“To trade successfully, think like a fundamentalist; trade like a technician. Never, under any circumstance add to a losing position! Take your losses quickly and don’t brood about them.” –Wisdom on Trading
Last Week, the U.S. market had attempted to bounce from Monday low to resistance levels, but it ended up with a bearish reversal on Thursday followed by a big sell-off on Option Expiration Friday, the volume spiking on all major indexes. The S&P 500 and the Dow both closed slightly under their 50-day moving averages. The Nasdaq was undercut below its 100-day line. The market tone is negative, considering how it was able to rally regardless of both good and bad economic or earning news previously.

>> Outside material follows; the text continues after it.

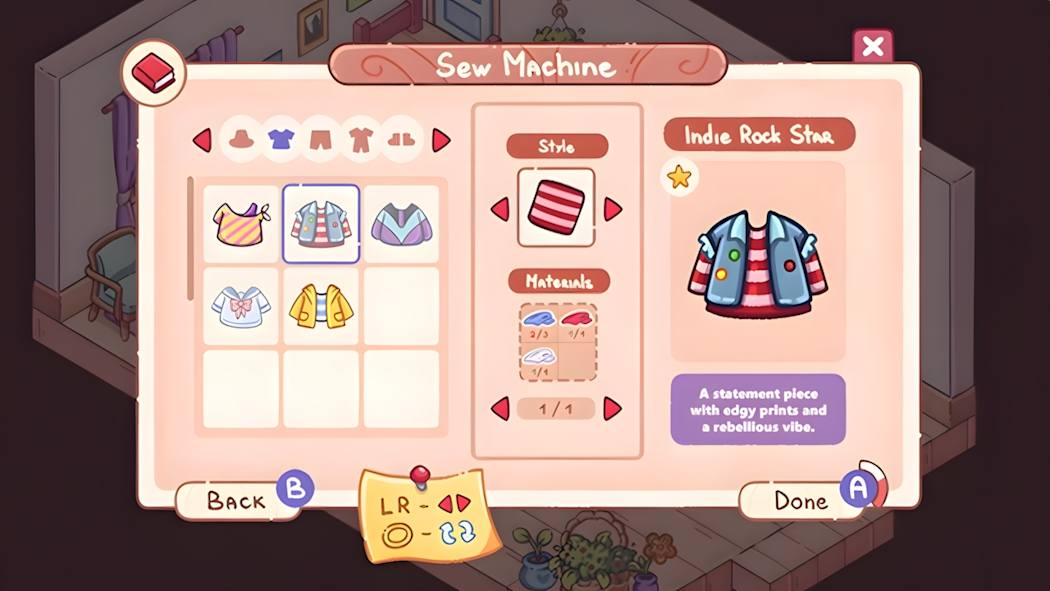 [Switch]棉花镇 Cottonville官方中文本体+1.0.2升补+3DLCNSZ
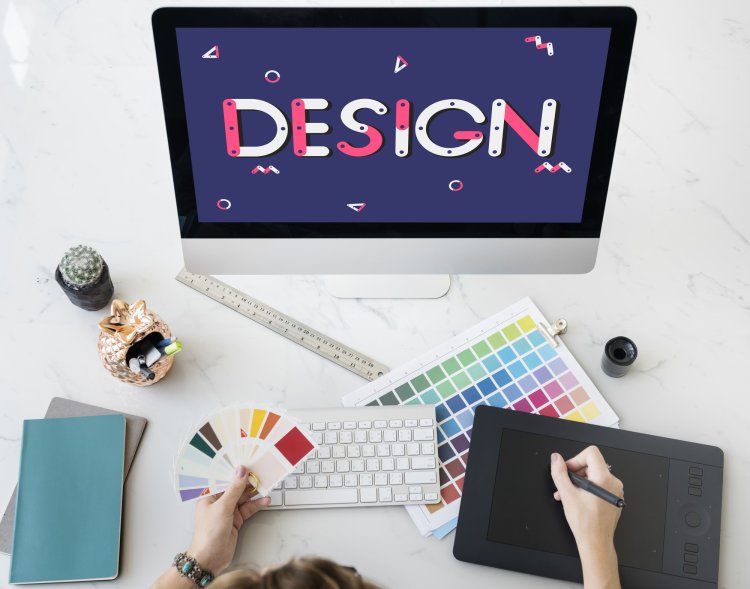 Graphic Design and Branding for Sales Growth: A Powerful Combination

Yes, this time it seems different!
The big sell-off was also spurred by the poor price reaction to lousy earning reports or guidance from many key companies including CMG, AXP, GOOG, IBM, INTC, MSFT, ALGN, MLNX, FTNT, CHKP, MCD, etc. When so many leaders we watch closely are so damaged technically with big sell-offs, it would take some time to recover.

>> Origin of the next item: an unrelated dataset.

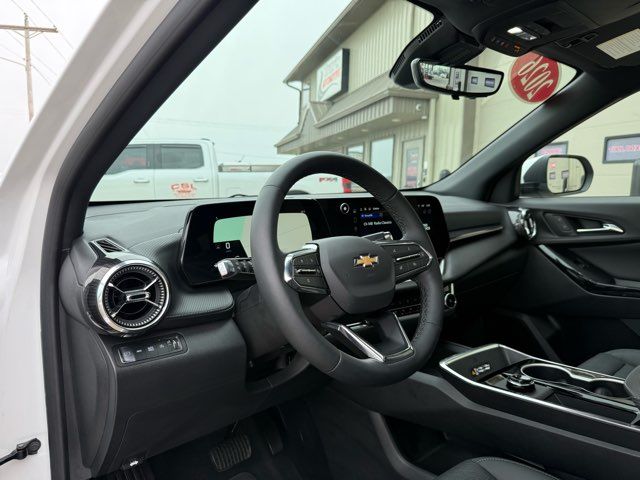 2026 Chevrolet Equinox LT | Gifford, IL | Trav's Automotive 2026 Chevrolet Equinox LT | Gifford, IL | Trav's Automotive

GOOG wiped out weeks of gain in just two days from its very disappointing earning report released a few hours earlier on Thursday. The SELL point near 760 I highlighted on my chart two weeks ago was retested briefly before it got dumped hard. AAPL, the darling of Wall Street, has been selling off for a month from $700 area. Now it got sold off hard by breaking down its bear flag I mentioned on its chart, volume very heavy. Will AAPL selloff be priced in enough for an oversold bounce? I think it all depends on how far it would fall. It is now well below 100-day line at $610.

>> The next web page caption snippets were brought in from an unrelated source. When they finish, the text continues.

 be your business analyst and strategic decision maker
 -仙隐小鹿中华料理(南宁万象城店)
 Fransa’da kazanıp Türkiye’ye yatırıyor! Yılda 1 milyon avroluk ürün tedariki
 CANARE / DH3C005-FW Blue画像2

I remember what Dan Zanger told us in his seminars: All stocks are bad unless they make your money. They are only trading vehicles, and never believe in your stocks. Unfortunately, I constantly see some traders trying to catch falling knives and to find reasons to be right.
But the stock market is the only Mr. Right. Prudent speculators never argue with the tape.
We should expect that the correction would happen a couple of times a year, so this time could be the second one since June: the oscillator is not oversold yet; it doesn’t feel the selling has reached an extreme level for the broad market; dip buyers are still seen everywhere.
In fact, I was impressed by a few traders on Twitter, despite having disagreement over my reversal calls on Wednesday, who were able to switch their bias when the reality presented. Some silent traders did well, too when they focused on trading instead of tweeting too much during trading sessions.
One of reasons that many of us love trading is: In front of the market, the chance of making money is equal to everyone since there are no personal issues involved.
The best way to deal with current market is being open-minded and flexible, switch positions when the market tells us to do so and keep stops tight; trade with fewer shares when things are not sure. For option traders: play house money with partial winning chips.
Thanks for viewing and best luck on trading!